[Short descriptive text snippets]
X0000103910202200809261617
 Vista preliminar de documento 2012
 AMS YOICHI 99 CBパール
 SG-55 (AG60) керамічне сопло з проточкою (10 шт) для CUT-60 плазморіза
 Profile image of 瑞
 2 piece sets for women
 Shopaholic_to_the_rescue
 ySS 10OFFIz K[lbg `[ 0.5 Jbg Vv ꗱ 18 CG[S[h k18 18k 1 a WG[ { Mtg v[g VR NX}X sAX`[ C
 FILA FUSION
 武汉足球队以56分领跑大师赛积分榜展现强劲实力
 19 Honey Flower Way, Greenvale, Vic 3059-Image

[Task prompt]
Word for word, return each of the entries.

[Exercise answer]
X0000103910202200809261617
 Vista preliminar de documento 2012
 AMS YOICHI 99 CBパール
 SG-55 (AG60) керамічне сопло з проточкою (10 шт) для CUT-60 плазморіза
 Profile image of 瑞
 2 piece sets for women
 Shopaholic_to_the_rescue
 ySS 10OFFIz K[lbg `[ 0.5 Jbg Vv ꗱ 18 CG[S[h k18 18k 1 a WG[ { Mtg v[g VR NX}X sAX`[ C
 FILA FUSION
 武汉足球队以56分领跑大师赛积分榜展现强劲实力
 19 Honey Flower Way, Greenvale, Vic 3059-Image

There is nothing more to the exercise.